(WORK ITEM):
Begin your copy at the line with "Подержанный автомобиль SsangYong" in the records below and end it at the line with "Lululemon green dance studio joggers size 6", restating each line word for word; omit the pictures.

+===+

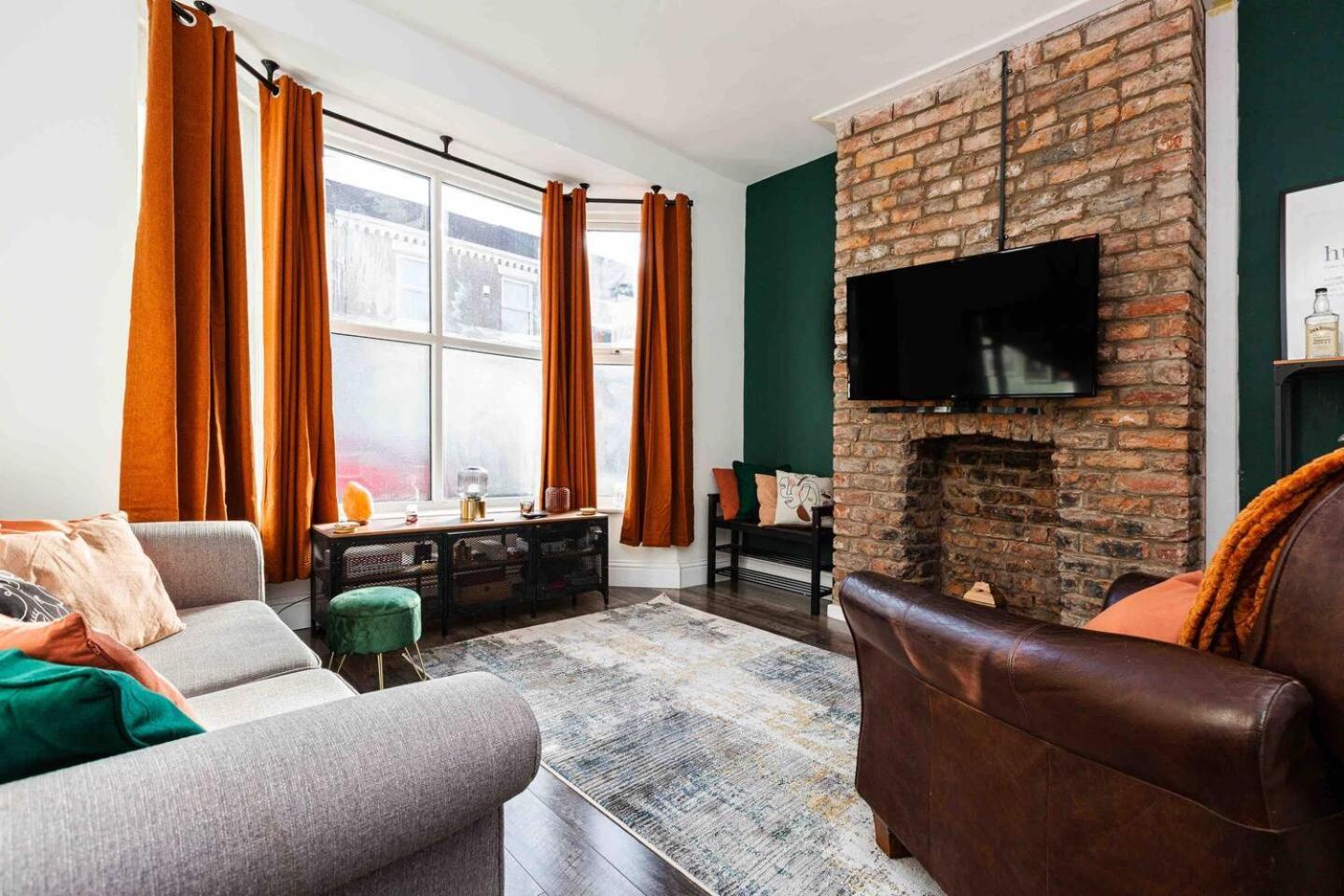 Spacious 5-bedroom Near Lark Lane & Sefton Park *
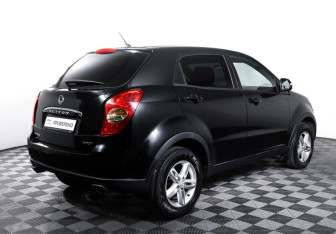 Подержанный автомобиль SsangYong Actyon 2011 года (5 фото)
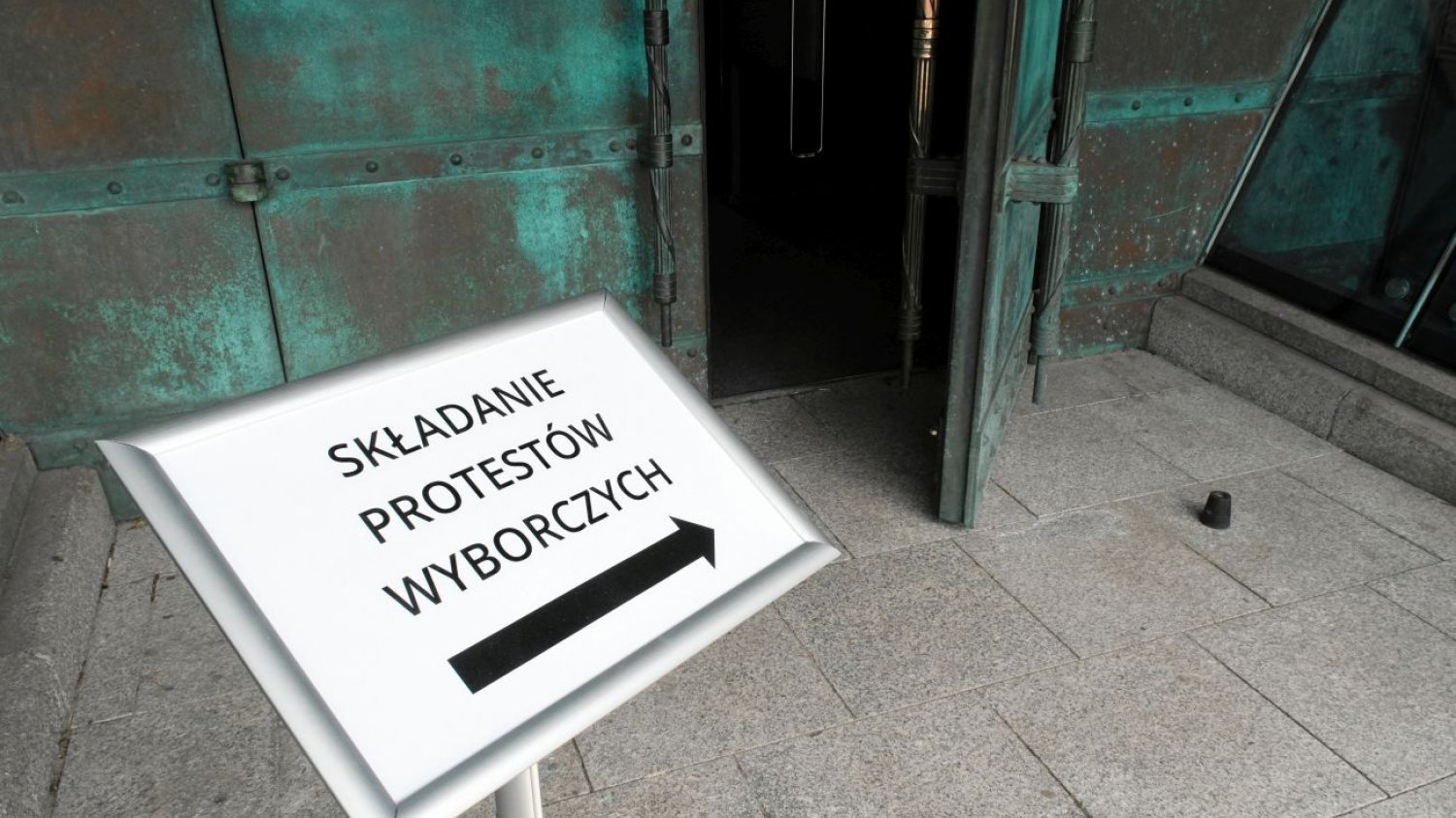 Pod Sądem Najwyższym trwają demonstracje. Pojawił się m.in. Robert Bąkiewicz, w tłumie widać też Antoniego Macierewicza Pod Sądem Najwyższym trwają demonstracje. Pojawił się m.in. Robert Bąkiewicz, w tłumie widać też Antoniego Macierewicza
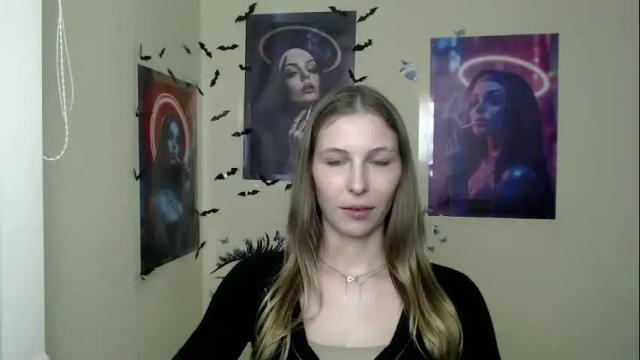 Image 2 of stranger_giirl Stream on Chaturbate on 14 days ago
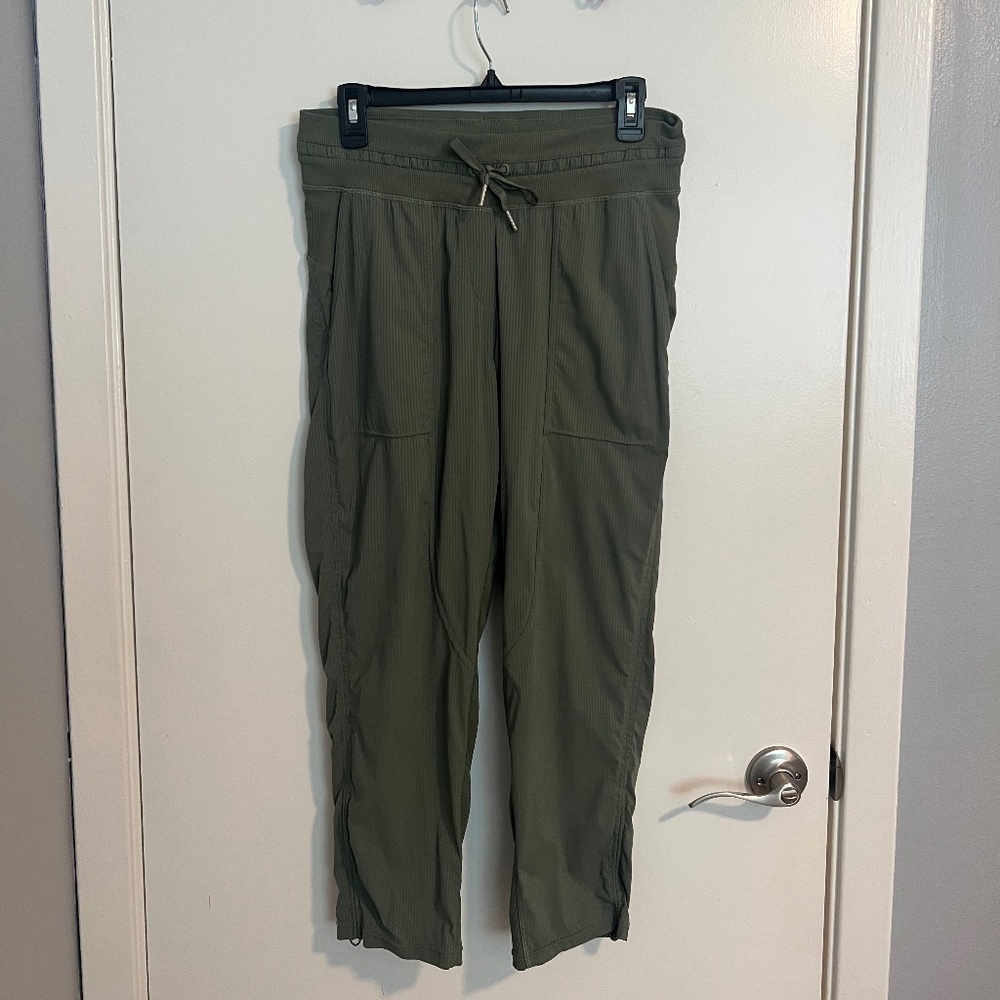 Lululemon green dance studio joggers size 6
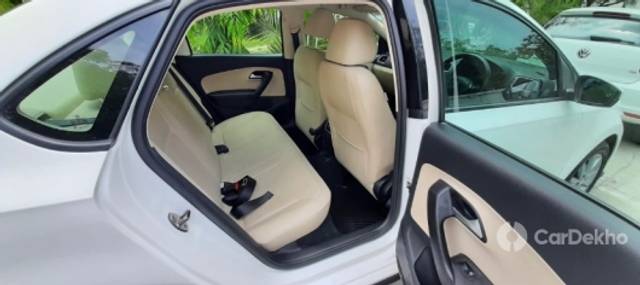 https://stimg2.cardekho.com/images/usedcarimages/large/2-2023/3602862/14BAAFFA-252E-445E-BD43-D138A1348805.jpg?imwidth=6401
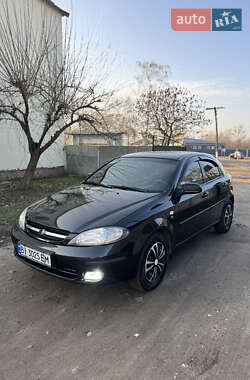 Хэтчбек Chevrolet Lacetti 2007 в Новых Санжарах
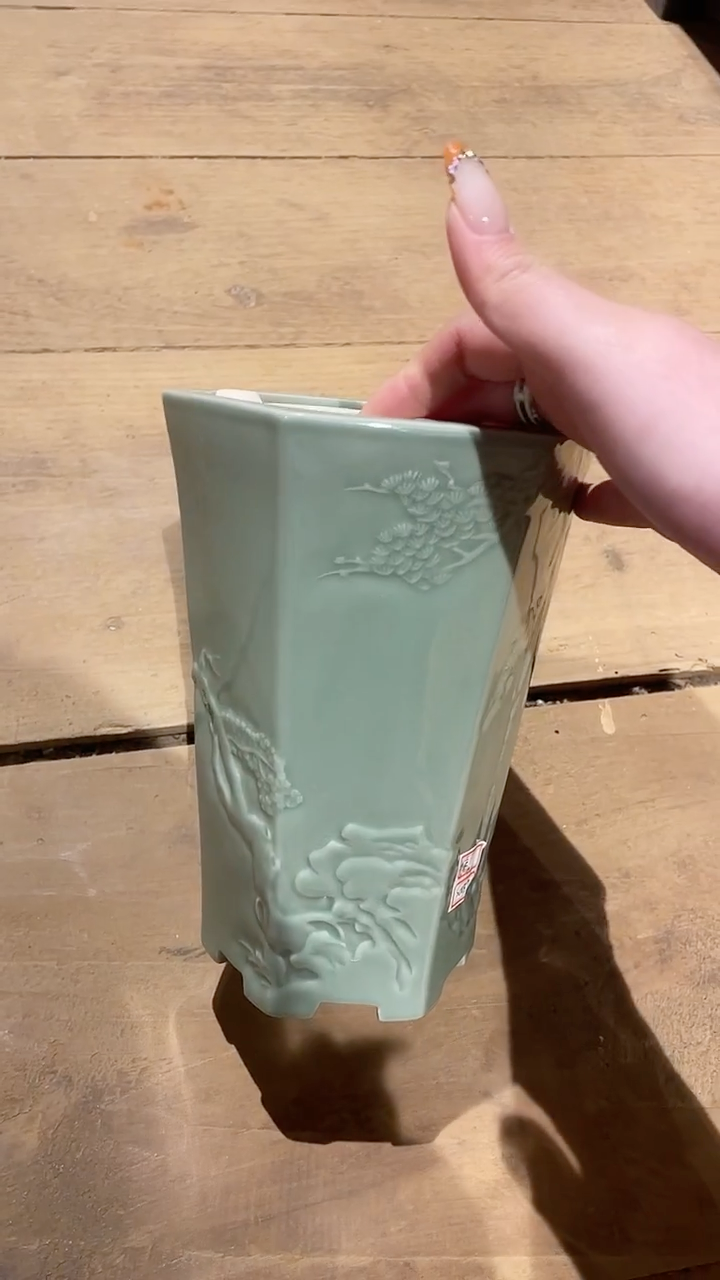 玉落香凝炉事套组。 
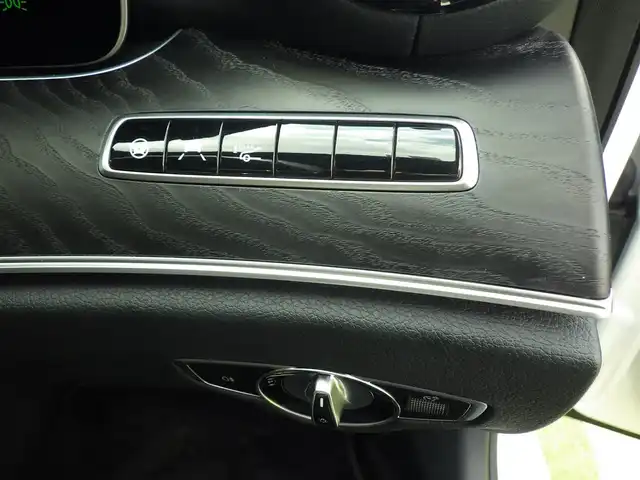 メルセデス・ベンツ Ｅ２００ SW アバンギャルド AMGライン 千葉県 2021(令3)年 3.6万km ポーラホワイト アクティブブレーキアシスト/ブラインドスポットアシスト/レーンチェンジアシスト/アテンションアシスト/ディストロニック/ブラックレザーシート/前席パワーシート/シートヒーター/パフュームアトマイザー/ブルメスター/純正HDDナビ/地デジTV/【Bluetooth接続】/バックカメラ/ドライブレコーダー（前後撮影）/革巻きステアリング/ステアリングスイッチ/パドルシフト/ETC（2.0）/LEDヘッドライト/フォグライト/ウインカーミラー/パークトロニック/純正19インチアルミホイル/サイド/カーテンエアバッグ/キーレスゴー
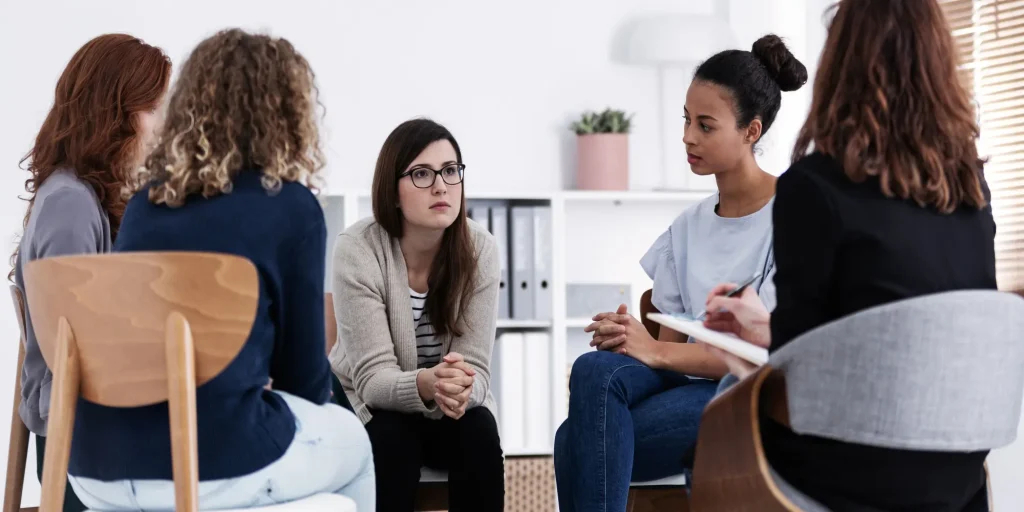 Rehab centers providing dual diagnosis treatment for co-occurring disorders and addiction.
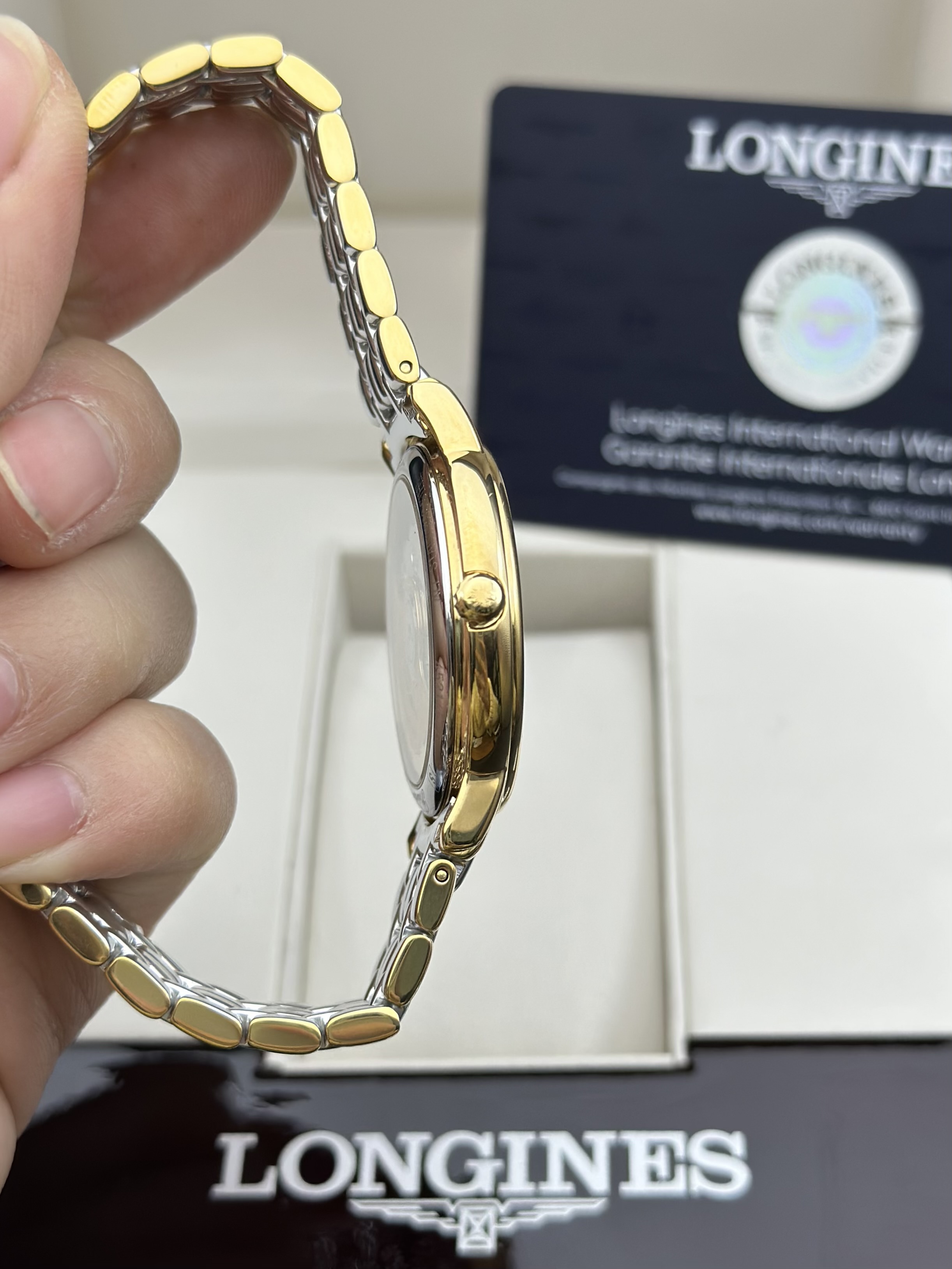 Longines L4.821.2.11.7 detail 3
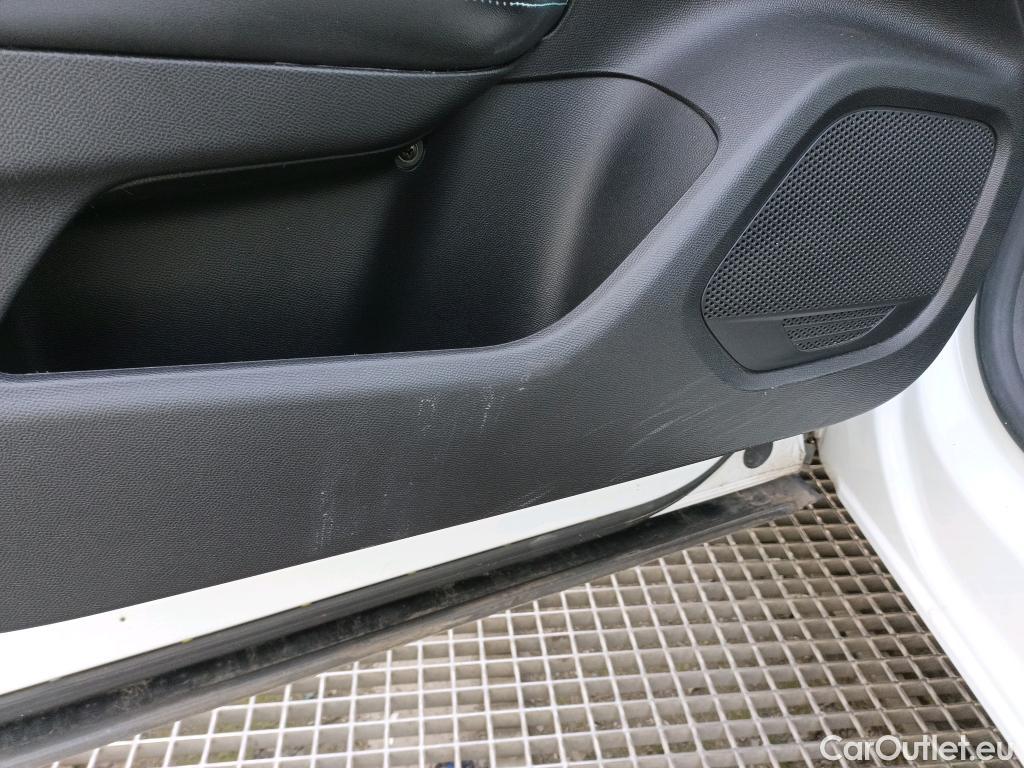  Peugeot  2008 PEUGEOT  / 2019 / 5P / todoterreno Allure BlueHDI 81kW (110CV) #6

+===+

(OUTPUT):
 Подержанный автомобиль SsangYong Actyon 2011 года (5 фото)
 Pod Sądem Najwyższym trwają demonstracje. Pojawił się m.in. Robert Bąkiewicz, w tłumie widać też Antoniego Macierewicza Pod Sądem Najwyższym trwają demonstracje. Pojawił się m.in. Robert Bąkiewicz, w tłumie widać też Antoniego Macierewicza
 Image 2 of stranger_giirl Stream on Chaturbate on 14 days ago
 Lululemon green dance studio joggers size 6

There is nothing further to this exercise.